### [Record set]
__________
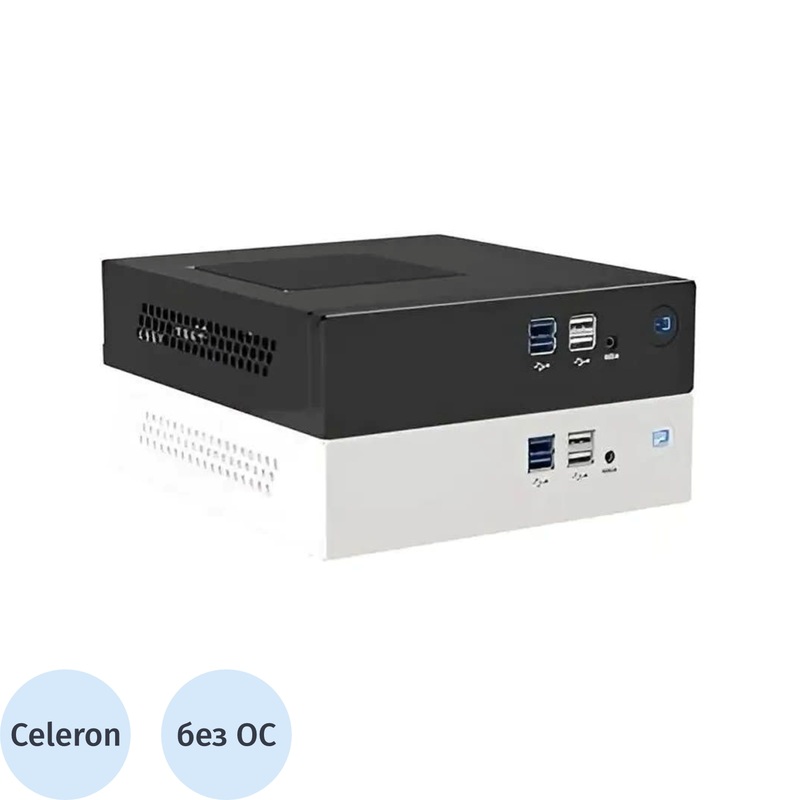 Изображение товара Неттоп B4com TNC-500 SB1 Celeron G5905/DDR4 4 ГБ/SSD 120 ГБ/без ОС (B4T-TNC-500 SB1) Изображение товара Неттоп B4com TNC-500 SB1 Celeron G5905/DDR4 4 ГБ/SSD 120 ГБ/без ОС (B4T-TNC-500 SB1)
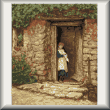 Cross stitch pattern Cottage Door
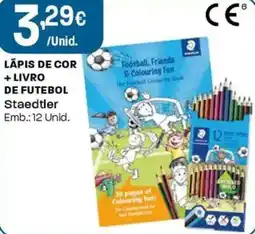 Intermarché Lápis de cor + livro de futebol Staedtler promoção
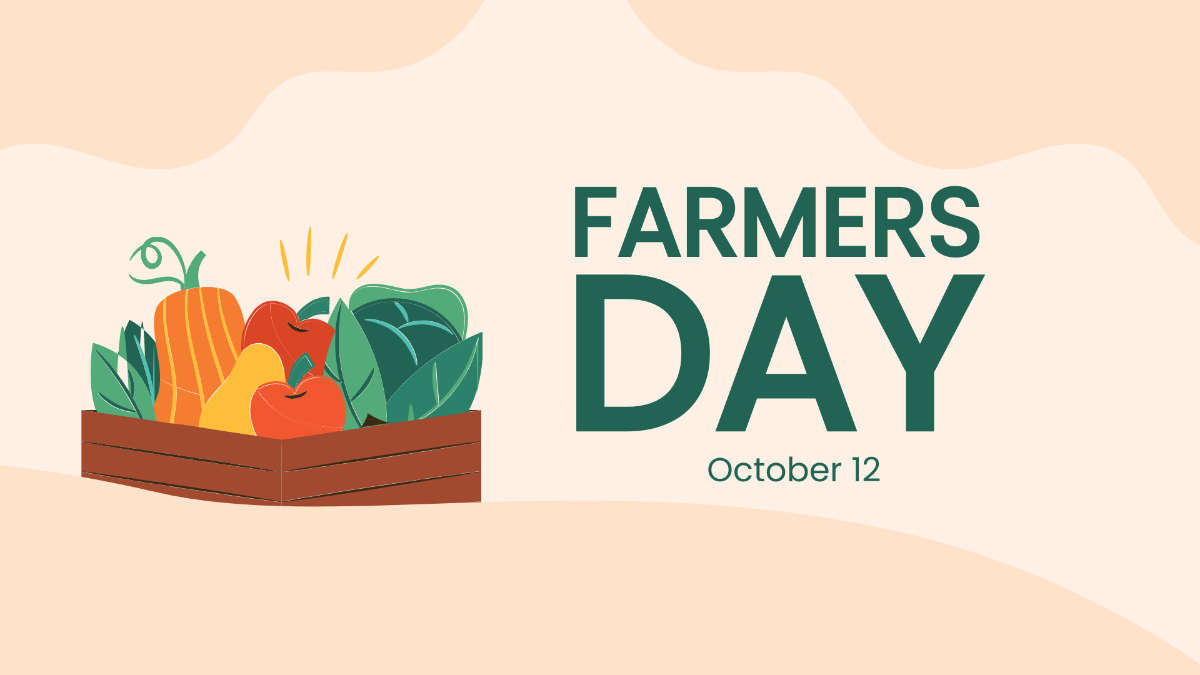 Free Farmers Day Banner Background Template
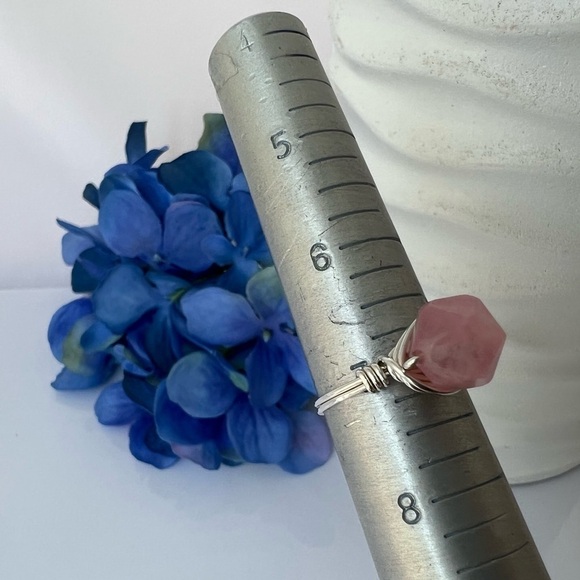 ARTISAN Rose Quartz 925 Silver Ring - Picture 10 of 15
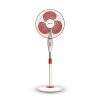 Bajaj Frore Neo 400 MM Oscillating Pedestal Fan for Home|Aerodynamically Balanced Blades| 100% CopperMotor| HighAir Delivery|3-Speed Control| Rust Free|2-Yr Warranty Red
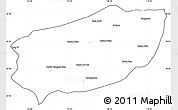 Blank Simple Map of Xi Ujimqin Qi, cropped outside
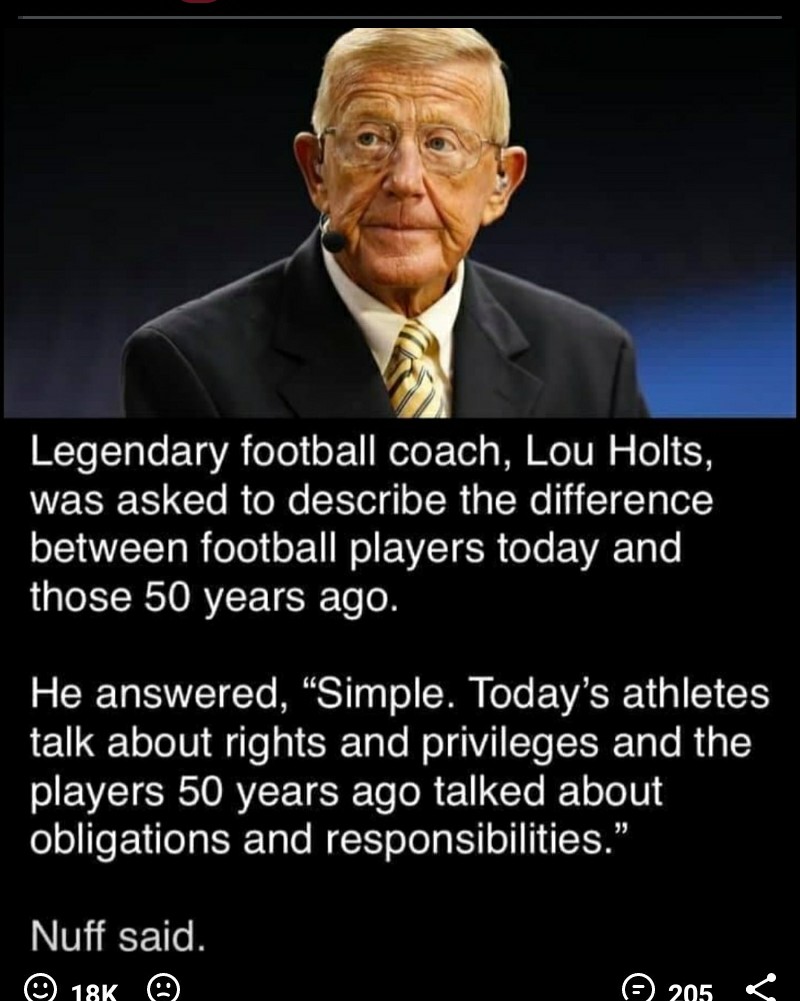 Great quote from Lou 👏👏👏👏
__________
Without the pictures, transcribe exactly the lines above from the one containing "ARTISAN Rose Quartz" through the last.

 ARTISAN Rose Quartz 925 Silver Ring - Picture 10 of 15
 Bajaj Frore Neo 400 MM Oscillating Pedestal Fan for Home|Aerodynamically Balanced Blades| 100% CopperMotor| HighAir Delivery|3-Speed Control| Rust Free|2-Yr Warranty Red
 Blank Simple Map of Xi Ujimqin Qi, cropped outside
 Great quote from Lou 👏👏👏👏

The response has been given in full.